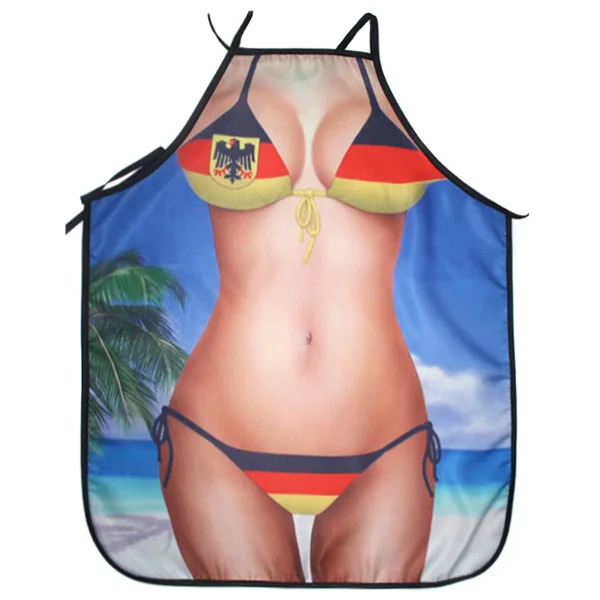 Горячие забавные новые фартуки для приготовления еды фартук барбекю галстук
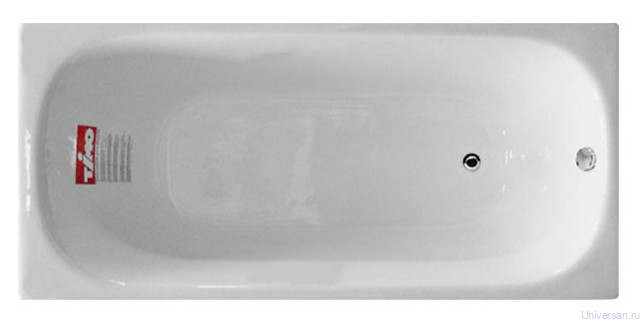 Чугунная ванна Timo Standart 3V 150x70 без ручек 
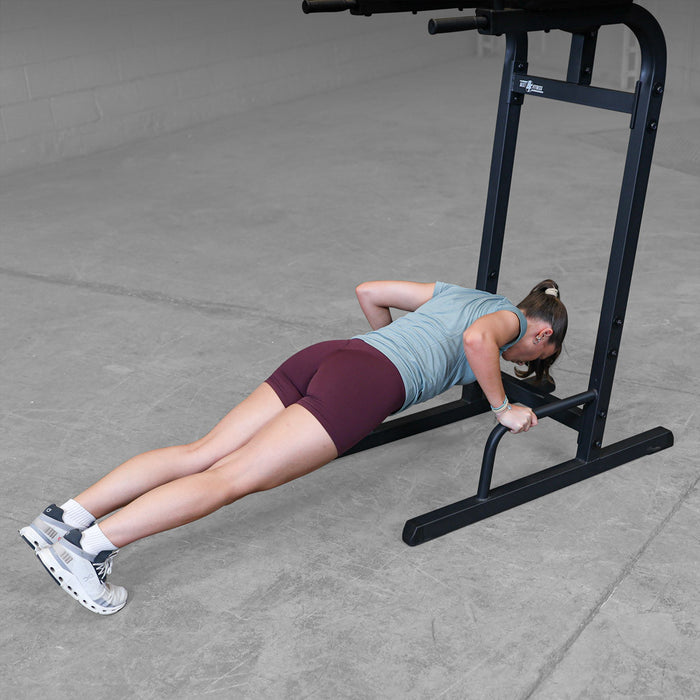 Body-Solid Best Fitness Vertical Knee Raise BFVK10B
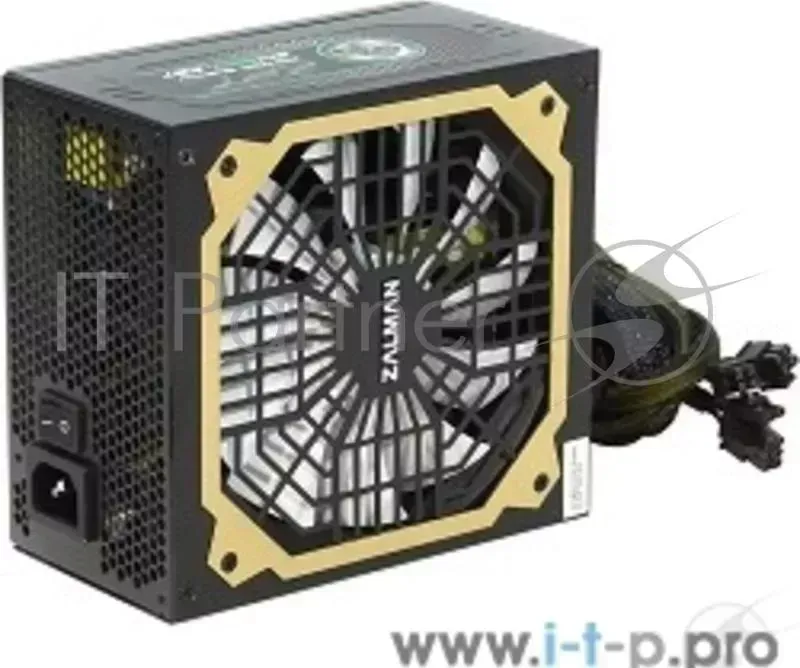 Блок питания ZALMAN ZM650-EBT, 650W, ATX12V v2.3, EPS, APFC, 12cm Fan, 80+ Gold, Retail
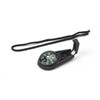 KOMBIUDA 8PCS Mini Compass Keychain with Lanyard Portable Outdoor Pendant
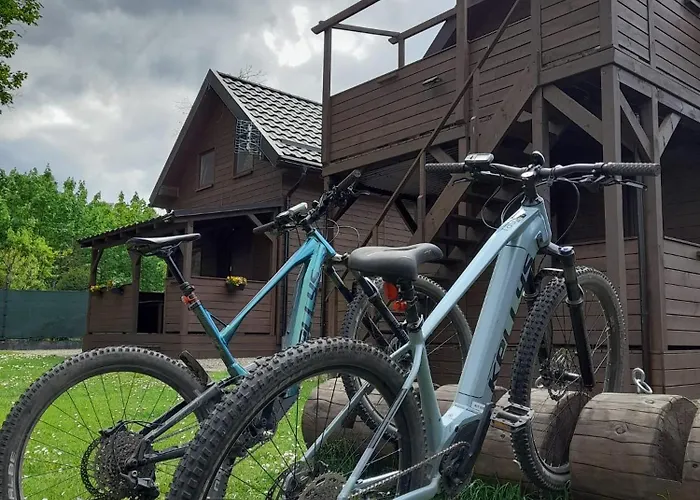 Harcówka Domek alpejski Złoty Stok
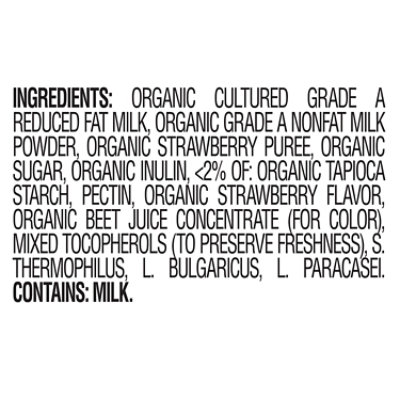 Happy Baby Organics Yogis Freeze-Dried Yogurt & Fruit Snacks Strawberry - 8-1 Oz - Image 4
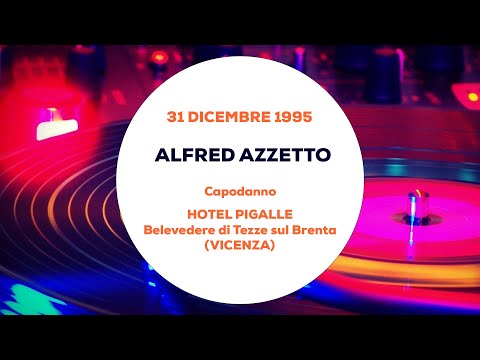 Alfred Azzetto - Capodanno Hotel Pigalle (Vicenza) 31 Dicembre 1995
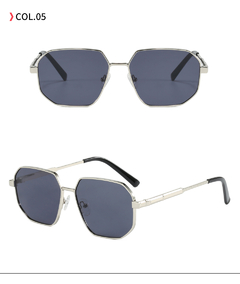 Óculos de Sol Premium Metal Classico 2W25 38361 - Óculos 2W Atacado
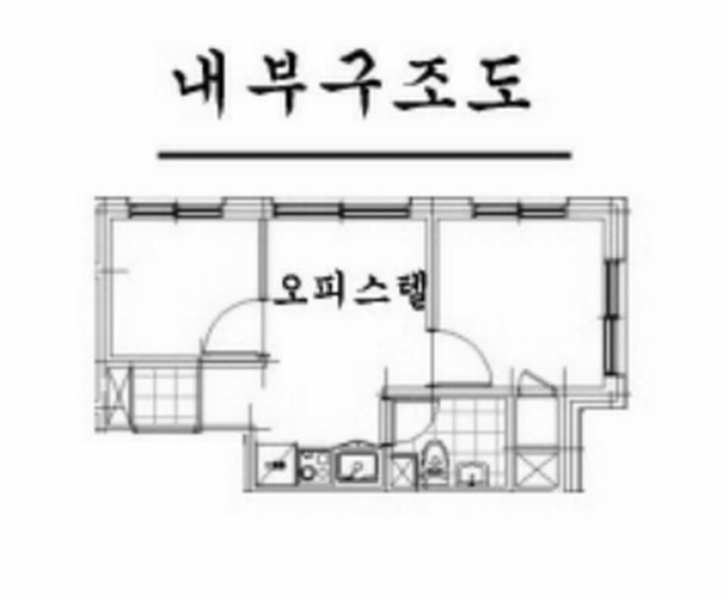 2025타경8964 서울특별시 강서구 강서로7길 144, 트러스트 4층 401호 오피스텔 경매 이미지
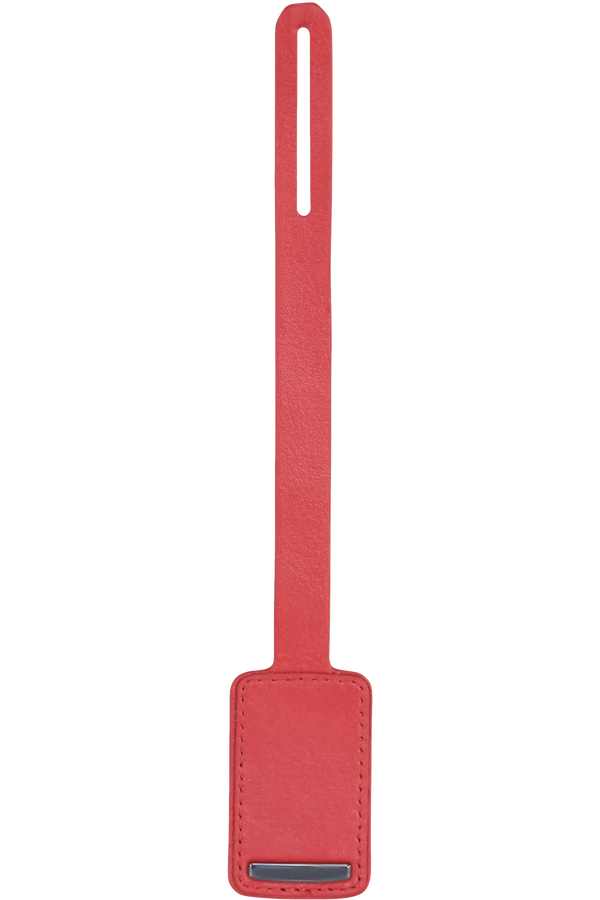 Samsonite Im T@G Leather Strap Red Samsonite Im T@G Leather Strap Red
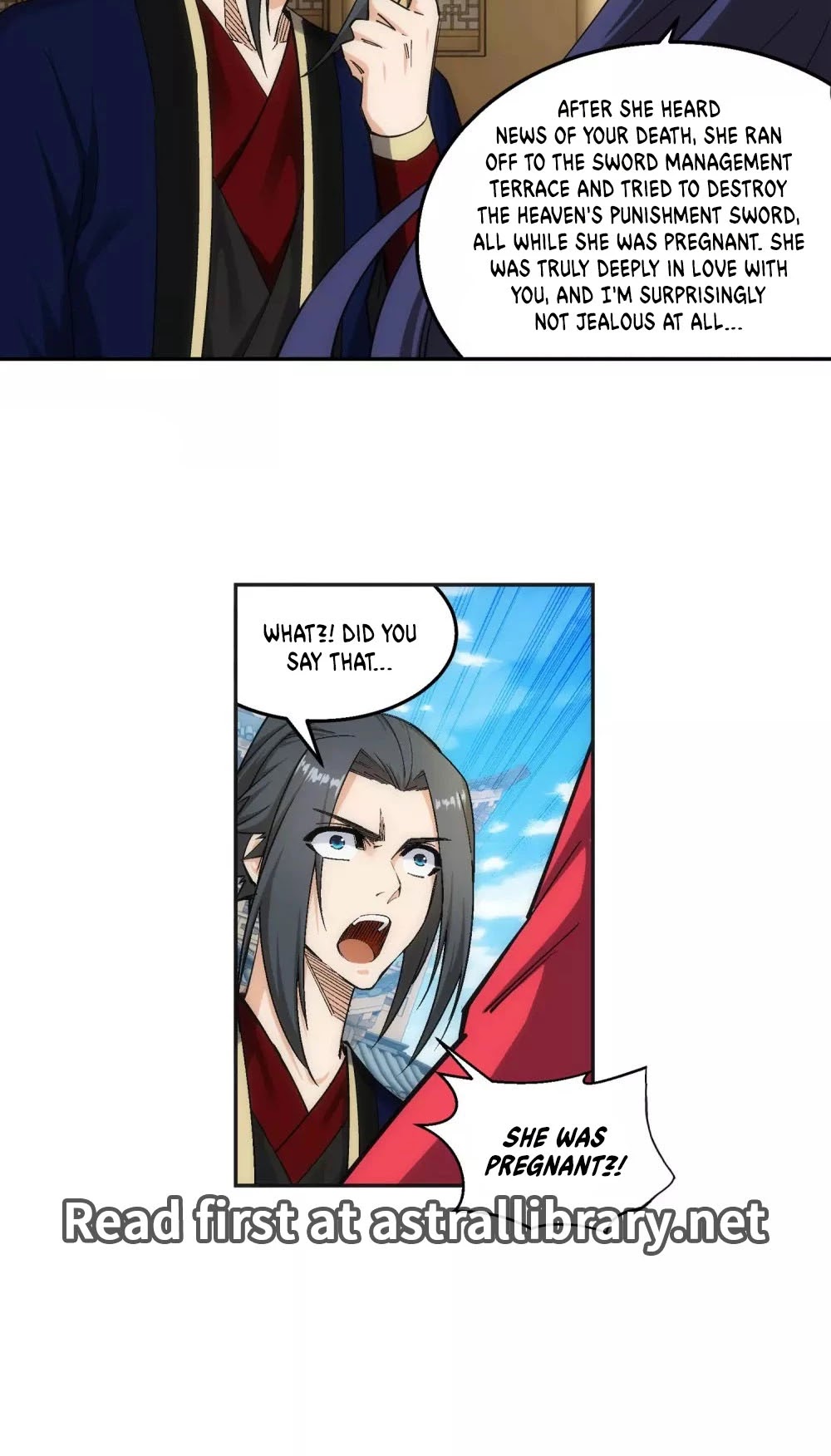 Read Against The Gods chapter 175 image 16 on Lezhin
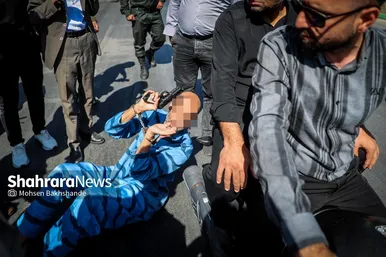گزارش تصویری | صحنه شهادت ۲ بسیجی در مشهد بازسازی شد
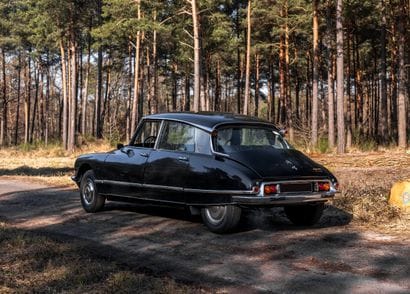 1969 Citroën DS 21 Prestige
French registration
Serial...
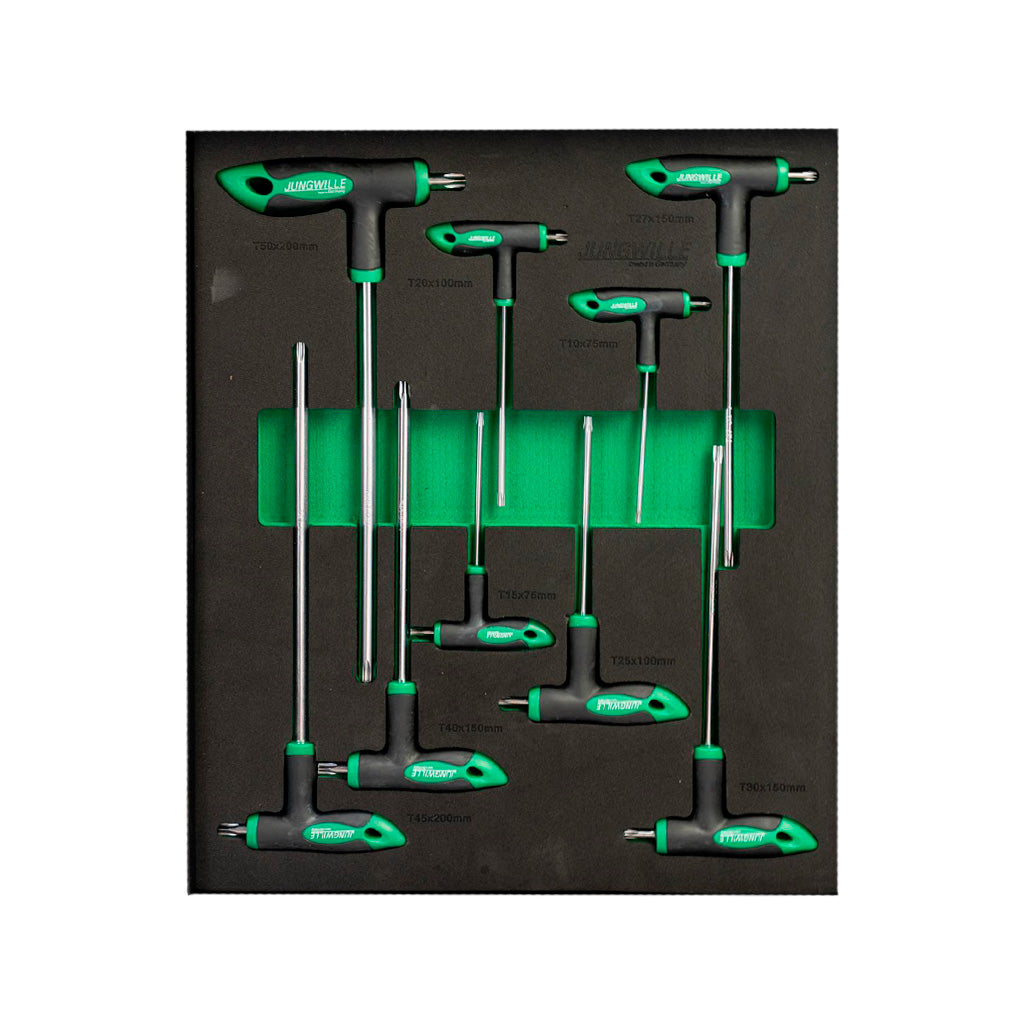 Wózek warsztatowy Jungwille Silverstone 14/11, 454 elementy - GGM Tools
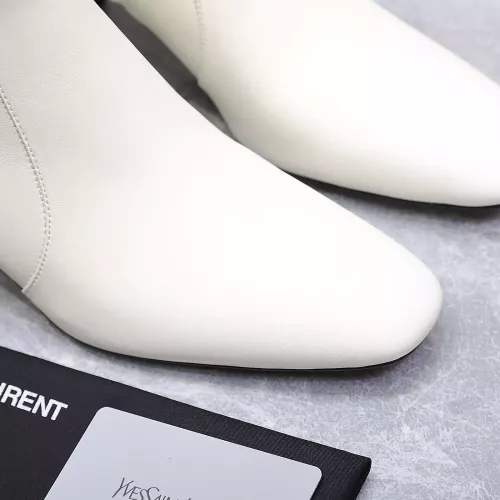 Replica Yves Saint Laurent YSL Boots For Women #1374141 $155.00 USD for Wholesale
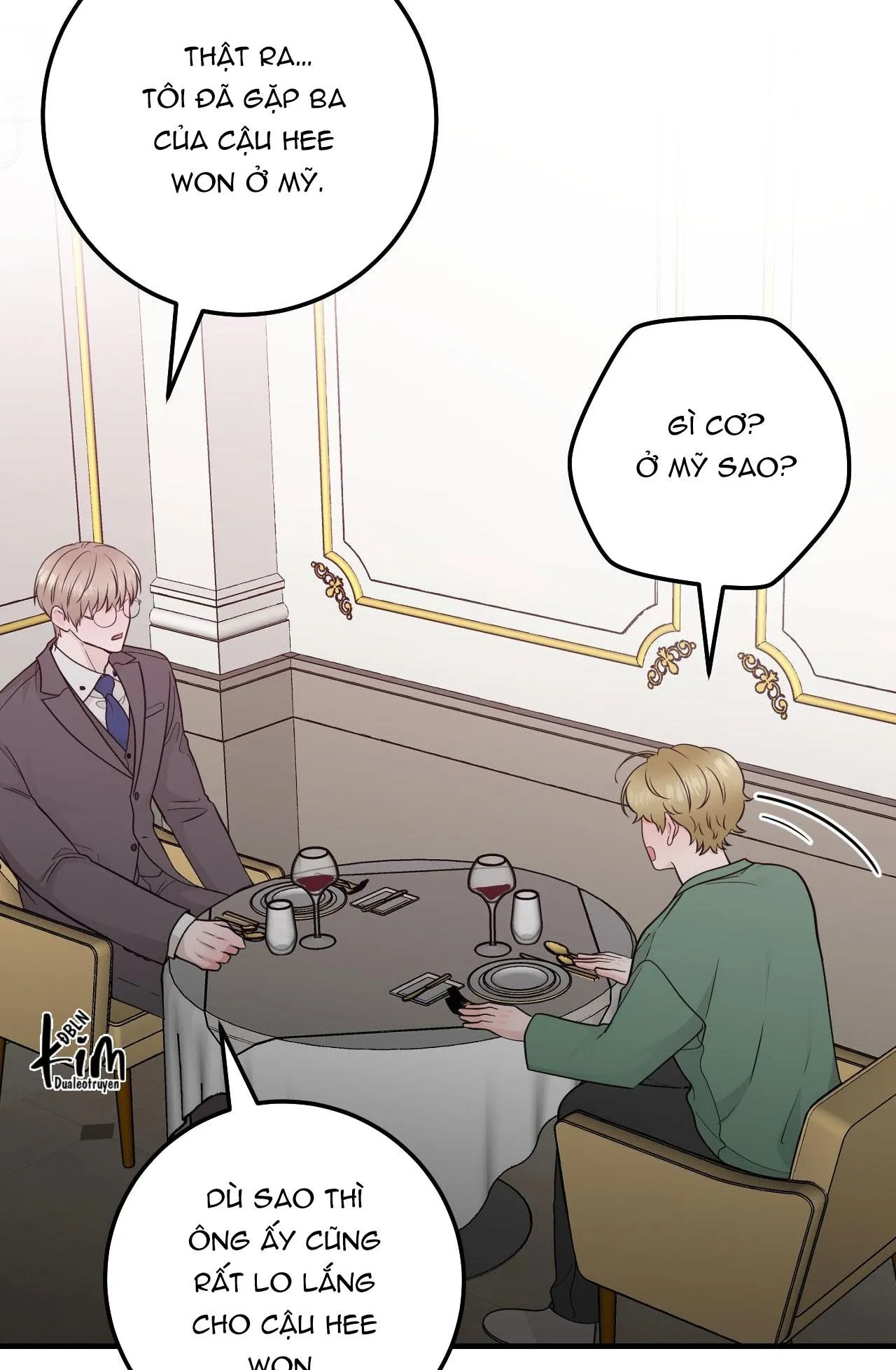 OVER THE PARADISE Chapter 33 Trang 51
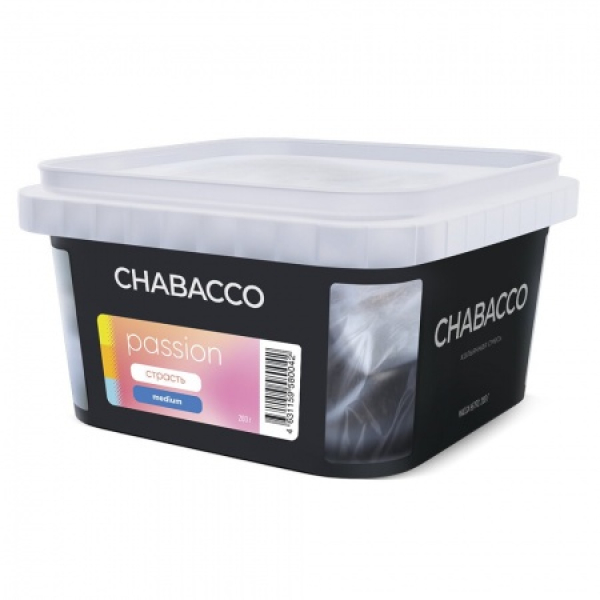 Смесь Chabacco Medium Passion (Страсть) 200 гр в Новом Уренгое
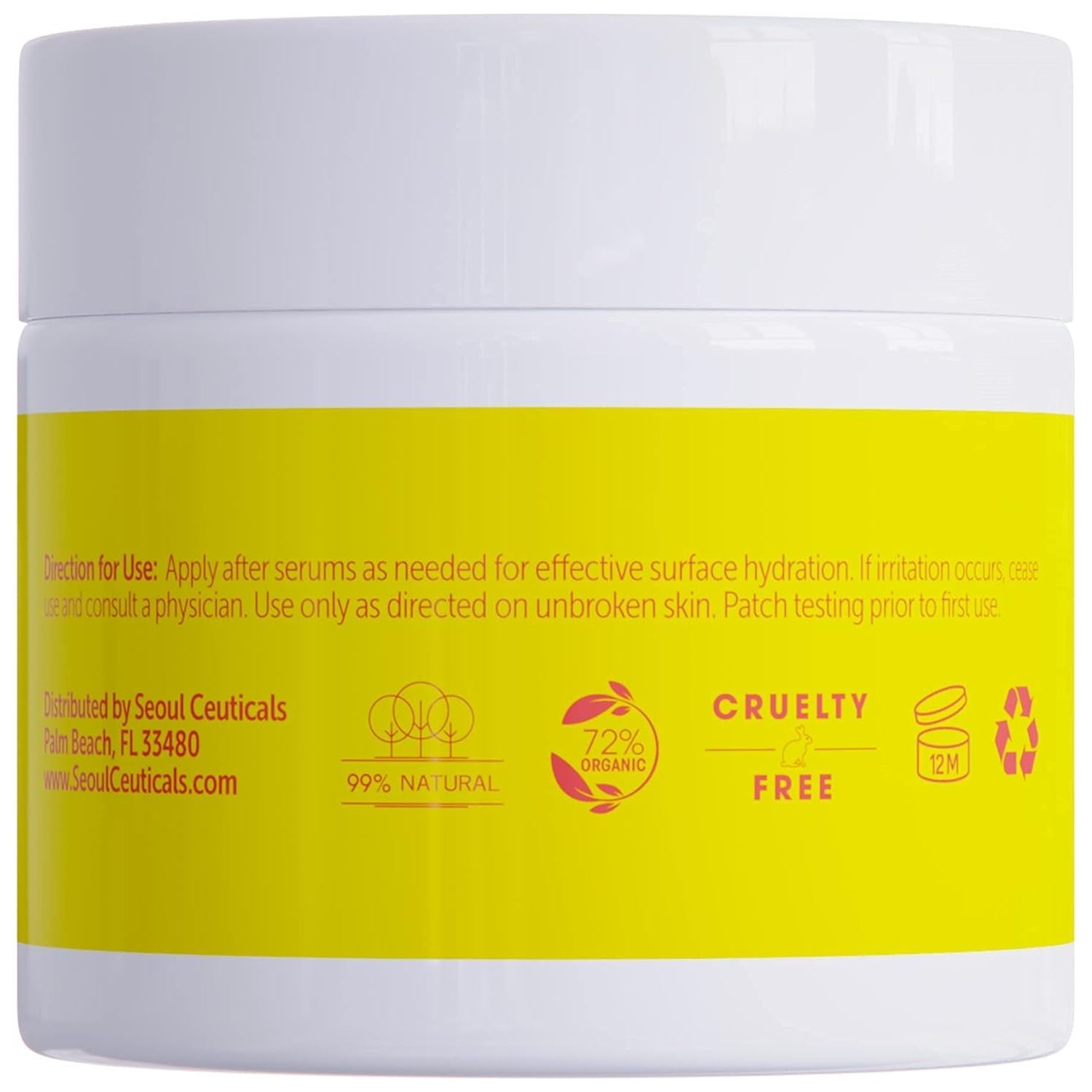 SeoulCeuticals Ultra Glow Turmeric Face Cream – 60ml | The Multi-Action Brightening &  Resurfacing Cream for Dull Ageing Skin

#####

In the records above, find the line with "Happy Baby Organics" and the line with "OVER THE PARADISE Chapter 33 Trang 51". Write out exactly those lines and every one between, with no pictures and no other lines.

 Happy Baby Organics Yogis Freeze-Dried Yogurt & Fruit Snacks Strawberry - 8-1 Oz - Image 4
 Alfred Azzetto - Capodanno Hotel Pigalle (Vicenza) 31 Dicembre 1995
 Óculos de Sol Premium Metal Classico 2W25 38361 - Óculos 2W Atacado
 2025타경8964 서울특별시 강서구 강서로7길 144, 트러스트 4층 401호 오피스텔 경매 이미지
 Samsonite Im T@G Leather Strap Red Samsonite Im T@G Leather Strap Red
 Read Against The Gods chapter 175 image 16 on Lezhin
گزارش تصویری | صحنه شهادت ۲ بسیجی در مشهد بازسازی شد
 1969 Citroën DS 21 Prestige
French registration
Serial...
 Wózek warsztatowy Jungwille Silverstone 14/11, 454 elementy - GGM Tools
 Replica Yves Saint Laurent YSL Boots For Women #1374141 $155.00 USD for Wholesale
 OVER THE PARADISE Chapter 33 Trang 51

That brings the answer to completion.